I was looking though a bin of used books recently when I noticed one entitled Are Men Necessary? by syndicated columnist Maureen Dowd. “Ha,” I thought, “so long as spiders get into bathtubs, men will be necessary.” Since it was only $2.99, I went ahead and bought it, just to see where we currently stand in the age-old battle of the sexes.
The book is about as appealing to me as knitting. Like yarn, it’s sort of “fuzzy” and like knitting it is put together in an incomprehensible way (incomprehensible, at least, to a man). But it was interesting to read about how this experienced and respected writer, who has taken on many of the most powerful men in our government, wilted in the lobby of a hotel in Saudi Arabia. She was there to interview a Saudi VIP and thought she was dressed appropriately, wearing a pink dress and matching head scarf. But apparently no one in Saudi Arabia has ever seen the color pink in public before. The recriminating looks of the men in the lobby caused Ms. Dowd to flee back to her room and change into a burqua.

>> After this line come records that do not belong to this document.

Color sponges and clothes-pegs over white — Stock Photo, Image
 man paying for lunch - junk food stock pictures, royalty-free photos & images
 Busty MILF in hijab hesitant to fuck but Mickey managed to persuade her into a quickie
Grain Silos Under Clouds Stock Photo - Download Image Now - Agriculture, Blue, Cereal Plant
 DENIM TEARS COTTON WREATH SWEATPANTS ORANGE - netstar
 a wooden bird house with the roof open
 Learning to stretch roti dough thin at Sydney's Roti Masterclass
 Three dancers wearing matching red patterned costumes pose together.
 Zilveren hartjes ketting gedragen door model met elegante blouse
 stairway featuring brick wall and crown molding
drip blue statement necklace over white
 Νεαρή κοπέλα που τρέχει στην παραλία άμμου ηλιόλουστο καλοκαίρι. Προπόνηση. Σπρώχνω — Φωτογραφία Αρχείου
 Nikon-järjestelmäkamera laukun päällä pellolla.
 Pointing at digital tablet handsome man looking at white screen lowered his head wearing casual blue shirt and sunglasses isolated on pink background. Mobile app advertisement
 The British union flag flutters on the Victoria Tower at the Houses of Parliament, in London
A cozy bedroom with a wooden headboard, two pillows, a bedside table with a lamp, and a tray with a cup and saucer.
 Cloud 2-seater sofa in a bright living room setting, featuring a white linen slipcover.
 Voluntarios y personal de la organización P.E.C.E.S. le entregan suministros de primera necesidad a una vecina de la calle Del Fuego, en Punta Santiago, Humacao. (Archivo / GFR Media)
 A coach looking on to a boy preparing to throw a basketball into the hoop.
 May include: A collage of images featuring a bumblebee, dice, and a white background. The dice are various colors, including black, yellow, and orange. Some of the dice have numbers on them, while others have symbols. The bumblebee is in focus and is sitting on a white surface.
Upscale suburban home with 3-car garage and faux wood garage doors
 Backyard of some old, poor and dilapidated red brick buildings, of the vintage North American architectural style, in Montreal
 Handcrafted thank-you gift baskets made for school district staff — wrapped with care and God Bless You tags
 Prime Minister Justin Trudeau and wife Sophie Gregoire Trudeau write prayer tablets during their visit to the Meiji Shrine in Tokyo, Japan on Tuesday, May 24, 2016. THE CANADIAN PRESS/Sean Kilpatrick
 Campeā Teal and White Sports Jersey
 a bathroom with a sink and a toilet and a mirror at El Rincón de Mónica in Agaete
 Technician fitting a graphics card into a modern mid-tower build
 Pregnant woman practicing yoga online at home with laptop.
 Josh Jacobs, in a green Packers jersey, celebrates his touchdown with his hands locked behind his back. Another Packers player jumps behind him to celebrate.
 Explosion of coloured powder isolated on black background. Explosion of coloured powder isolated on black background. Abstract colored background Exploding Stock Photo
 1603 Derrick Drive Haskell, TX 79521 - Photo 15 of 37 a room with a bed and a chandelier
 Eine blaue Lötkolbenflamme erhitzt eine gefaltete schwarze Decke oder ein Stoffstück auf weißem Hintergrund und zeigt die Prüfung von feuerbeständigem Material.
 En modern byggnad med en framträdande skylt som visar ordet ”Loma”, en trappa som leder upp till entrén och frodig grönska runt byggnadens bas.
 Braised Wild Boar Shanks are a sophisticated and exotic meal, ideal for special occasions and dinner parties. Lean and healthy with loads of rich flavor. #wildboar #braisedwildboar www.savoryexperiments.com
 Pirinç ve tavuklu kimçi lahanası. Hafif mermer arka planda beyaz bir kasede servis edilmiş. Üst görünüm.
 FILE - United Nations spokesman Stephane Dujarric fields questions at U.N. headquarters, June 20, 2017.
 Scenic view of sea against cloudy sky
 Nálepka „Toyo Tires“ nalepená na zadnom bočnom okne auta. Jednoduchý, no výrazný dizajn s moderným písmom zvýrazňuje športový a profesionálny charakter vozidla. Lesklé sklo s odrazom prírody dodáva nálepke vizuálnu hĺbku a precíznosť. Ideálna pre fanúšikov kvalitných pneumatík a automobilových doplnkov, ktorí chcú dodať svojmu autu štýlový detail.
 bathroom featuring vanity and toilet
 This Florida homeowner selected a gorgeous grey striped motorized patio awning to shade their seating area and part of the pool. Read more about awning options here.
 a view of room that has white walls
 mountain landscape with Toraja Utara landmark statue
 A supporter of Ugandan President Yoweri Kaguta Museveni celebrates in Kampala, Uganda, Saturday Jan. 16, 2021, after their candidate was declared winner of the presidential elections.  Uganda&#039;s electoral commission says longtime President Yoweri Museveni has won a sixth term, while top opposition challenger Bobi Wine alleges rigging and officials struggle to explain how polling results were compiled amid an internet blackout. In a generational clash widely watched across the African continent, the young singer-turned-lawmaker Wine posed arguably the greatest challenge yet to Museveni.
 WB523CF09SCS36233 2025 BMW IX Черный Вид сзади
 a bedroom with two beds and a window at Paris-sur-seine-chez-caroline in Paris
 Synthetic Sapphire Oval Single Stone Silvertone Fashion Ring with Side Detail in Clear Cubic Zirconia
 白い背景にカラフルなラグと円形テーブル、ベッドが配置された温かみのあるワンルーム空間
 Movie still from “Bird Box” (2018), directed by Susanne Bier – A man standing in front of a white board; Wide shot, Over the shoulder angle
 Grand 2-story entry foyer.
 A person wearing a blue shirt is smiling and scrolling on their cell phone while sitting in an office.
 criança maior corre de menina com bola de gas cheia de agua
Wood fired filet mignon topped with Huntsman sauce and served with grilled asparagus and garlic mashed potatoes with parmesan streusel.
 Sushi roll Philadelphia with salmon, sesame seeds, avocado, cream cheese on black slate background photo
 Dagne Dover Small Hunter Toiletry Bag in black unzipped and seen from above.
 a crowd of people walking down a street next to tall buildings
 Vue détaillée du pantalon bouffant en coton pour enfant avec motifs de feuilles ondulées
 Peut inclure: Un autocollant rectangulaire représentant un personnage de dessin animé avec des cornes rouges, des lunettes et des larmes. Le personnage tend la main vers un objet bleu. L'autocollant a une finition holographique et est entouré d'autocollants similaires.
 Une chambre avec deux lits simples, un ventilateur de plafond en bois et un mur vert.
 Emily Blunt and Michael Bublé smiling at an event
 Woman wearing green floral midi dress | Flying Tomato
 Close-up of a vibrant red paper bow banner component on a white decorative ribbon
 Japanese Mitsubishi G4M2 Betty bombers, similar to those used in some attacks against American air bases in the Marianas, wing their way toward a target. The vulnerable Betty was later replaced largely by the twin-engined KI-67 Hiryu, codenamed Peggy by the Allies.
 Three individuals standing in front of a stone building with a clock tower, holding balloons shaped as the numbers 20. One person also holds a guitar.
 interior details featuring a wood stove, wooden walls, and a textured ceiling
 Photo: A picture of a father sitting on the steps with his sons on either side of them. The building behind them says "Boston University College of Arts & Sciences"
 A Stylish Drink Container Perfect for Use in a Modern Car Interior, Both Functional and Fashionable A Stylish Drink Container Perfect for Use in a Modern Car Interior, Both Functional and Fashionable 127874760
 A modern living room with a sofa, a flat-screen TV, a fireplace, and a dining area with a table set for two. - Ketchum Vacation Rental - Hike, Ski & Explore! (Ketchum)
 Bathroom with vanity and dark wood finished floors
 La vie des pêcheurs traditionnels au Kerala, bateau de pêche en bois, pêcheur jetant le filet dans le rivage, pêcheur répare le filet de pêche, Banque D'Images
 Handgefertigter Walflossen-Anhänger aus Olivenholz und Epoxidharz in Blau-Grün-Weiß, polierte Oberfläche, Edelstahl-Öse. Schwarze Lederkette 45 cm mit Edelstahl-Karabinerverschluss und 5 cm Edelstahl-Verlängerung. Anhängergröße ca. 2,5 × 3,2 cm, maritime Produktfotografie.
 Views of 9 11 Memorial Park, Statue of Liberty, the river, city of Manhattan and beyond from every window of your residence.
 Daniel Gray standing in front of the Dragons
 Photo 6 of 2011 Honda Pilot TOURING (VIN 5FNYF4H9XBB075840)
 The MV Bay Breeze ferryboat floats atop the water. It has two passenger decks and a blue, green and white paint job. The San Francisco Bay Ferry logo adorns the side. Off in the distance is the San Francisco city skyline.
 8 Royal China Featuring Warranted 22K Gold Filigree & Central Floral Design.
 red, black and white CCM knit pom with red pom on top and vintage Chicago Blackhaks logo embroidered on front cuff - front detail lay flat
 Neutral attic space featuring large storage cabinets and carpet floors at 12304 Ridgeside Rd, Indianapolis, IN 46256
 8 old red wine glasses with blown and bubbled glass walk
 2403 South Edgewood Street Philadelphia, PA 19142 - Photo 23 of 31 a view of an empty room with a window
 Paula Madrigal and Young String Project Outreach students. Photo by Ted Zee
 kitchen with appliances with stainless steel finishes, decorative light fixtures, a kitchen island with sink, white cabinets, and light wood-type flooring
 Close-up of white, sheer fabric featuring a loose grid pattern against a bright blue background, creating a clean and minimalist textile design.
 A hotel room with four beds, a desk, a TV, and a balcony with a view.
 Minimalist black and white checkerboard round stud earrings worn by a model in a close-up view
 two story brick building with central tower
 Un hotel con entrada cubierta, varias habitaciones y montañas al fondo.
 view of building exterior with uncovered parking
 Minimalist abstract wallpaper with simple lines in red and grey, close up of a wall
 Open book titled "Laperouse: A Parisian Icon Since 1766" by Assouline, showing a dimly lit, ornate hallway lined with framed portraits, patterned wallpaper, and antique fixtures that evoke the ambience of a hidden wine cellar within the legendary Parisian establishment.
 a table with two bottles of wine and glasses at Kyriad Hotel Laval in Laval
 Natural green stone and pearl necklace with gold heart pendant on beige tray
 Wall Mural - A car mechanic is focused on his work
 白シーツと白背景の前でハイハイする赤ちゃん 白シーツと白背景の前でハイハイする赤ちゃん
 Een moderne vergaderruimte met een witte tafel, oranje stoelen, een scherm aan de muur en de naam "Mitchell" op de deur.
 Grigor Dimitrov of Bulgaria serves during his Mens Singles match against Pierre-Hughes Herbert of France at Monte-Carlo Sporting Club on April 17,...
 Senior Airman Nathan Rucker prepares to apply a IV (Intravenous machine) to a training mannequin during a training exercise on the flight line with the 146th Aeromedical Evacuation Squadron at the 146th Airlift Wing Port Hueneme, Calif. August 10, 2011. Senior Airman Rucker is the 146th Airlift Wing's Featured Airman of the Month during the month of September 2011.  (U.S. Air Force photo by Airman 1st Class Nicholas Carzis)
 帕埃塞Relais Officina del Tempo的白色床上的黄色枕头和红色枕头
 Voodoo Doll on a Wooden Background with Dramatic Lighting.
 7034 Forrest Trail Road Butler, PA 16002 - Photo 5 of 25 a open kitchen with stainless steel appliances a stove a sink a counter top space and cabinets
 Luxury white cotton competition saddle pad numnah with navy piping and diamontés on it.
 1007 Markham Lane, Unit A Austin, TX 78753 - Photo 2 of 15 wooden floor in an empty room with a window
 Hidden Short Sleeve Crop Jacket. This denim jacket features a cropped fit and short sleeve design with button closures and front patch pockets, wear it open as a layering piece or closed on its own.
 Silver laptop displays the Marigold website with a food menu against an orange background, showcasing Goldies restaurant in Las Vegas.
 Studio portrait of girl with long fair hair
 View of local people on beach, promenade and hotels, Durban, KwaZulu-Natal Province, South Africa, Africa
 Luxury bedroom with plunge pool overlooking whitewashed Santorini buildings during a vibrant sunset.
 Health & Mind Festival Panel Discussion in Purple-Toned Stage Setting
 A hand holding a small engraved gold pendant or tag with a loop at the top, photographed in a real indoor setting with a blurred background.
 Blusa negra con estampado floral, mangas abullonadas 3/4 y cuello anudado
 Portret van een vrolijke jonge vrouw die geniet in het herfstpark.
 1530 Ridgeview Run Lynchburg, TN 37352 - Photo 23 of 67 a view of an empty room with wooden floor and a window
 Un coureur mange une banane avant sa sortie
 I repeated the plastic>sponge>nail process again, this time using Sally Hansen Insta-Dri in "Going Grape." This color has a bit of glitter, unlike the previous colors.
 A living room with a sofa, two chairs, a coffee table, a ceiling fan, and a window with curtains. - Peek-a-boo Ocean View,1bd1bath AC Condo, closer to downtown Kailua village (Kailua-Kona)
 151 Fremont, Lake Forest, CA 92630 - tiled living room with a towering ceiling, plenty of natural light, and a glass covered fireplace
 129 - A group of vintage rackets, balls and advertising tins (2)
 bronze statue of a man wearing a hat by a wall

Ms. Dowd commented, “With the loss of interest in the abilities of women, the cradle of civilization … fell behind economically and culturally, simply proving that societies need the participation of women to prosper in every way.”
Her remark reminded me of stories I’ve read about the first settlers in the Boone County area. Many of the men who came here to “stake their claim” were perfectly content to sleep under their wagons at night. But they knew full well this would never suit their wives. And so they built sod houses and dugouts so they could bring their families here.
Soddies weren’t much better than living under a wagon. They were overrun in the late summer by bed bugs (as were Native American earthlodges). Earthworms would fall from the ceiling whenever and wherever they pleased. And sod houses tended to dissolve in heavy rain.
It was every woman’s dream to live in a wood frame house, and so the men hauled lumber from Columbus. Women made their families’ clothing, so they had to have access to cloth. Women cooked the meals, so they had to have access to more than prairie turnips and corn meal. And so general stores soon appeared.
With her husband in the field and no close neighbors, women grew lonely. Men would buy their wives birds to keep them company. This didn’t always help — many pioneer women actually had nervous breakdowns. Those women not content with a bird and small children for company began forming societies — reading groups, music clubs, sewing circles, church guilds.
It was the women who “civilized” the Plains — had it been left to the men, we’d still be living under wagons. It was the influence of the women and their concern for their children’s well-being that led to wood-frame housing, the proliferation of schools, improvements in sanitation and health care, and the growth of a diverse retail sector.
Not that men weren’t necessary, but women’s and their families’ needs were the driving force behind the development of the Great Plains. It was women who “knitted” the fabric of society together, sometimes in ways incomprehensible to men.
As readers of this column know, I’m a strong advocate of applying the lessons of the past in dealing with the future. The pioneers faced far greater challenges in settling this region than we face in revitalizing it, but neither task is simple. By reflecting on the vision that drove the original pioneers, by remembering how hard they worked and what they accomplished, we can find inspiration for today.
One primary lesson of the pioneers is the importance of women. In my last column I mentioned how rural areas are losing people ages 25 to 49 — people raising families. This is resulting in a rural “baby bust” — 20 years from now there will be no one left. With last year’s increase in births at Boone County Health Center this area is bucking the trend, but overall, rural births are a cause for concern.
To reverse this sobering trend rural areas need to become as “family friendly” as possible. To do this, we need to pay every bit as much attention to the needs and concerns of women as we do to attracting new businesses.
People are “consumers of place” and women make most of the decisions regarding where their family lives. We can’t make the mistake the Arab world has and not include women in our “re-pioneering“ efforts. Ms. Dowd is right — “societies need the participation of women to prosper.”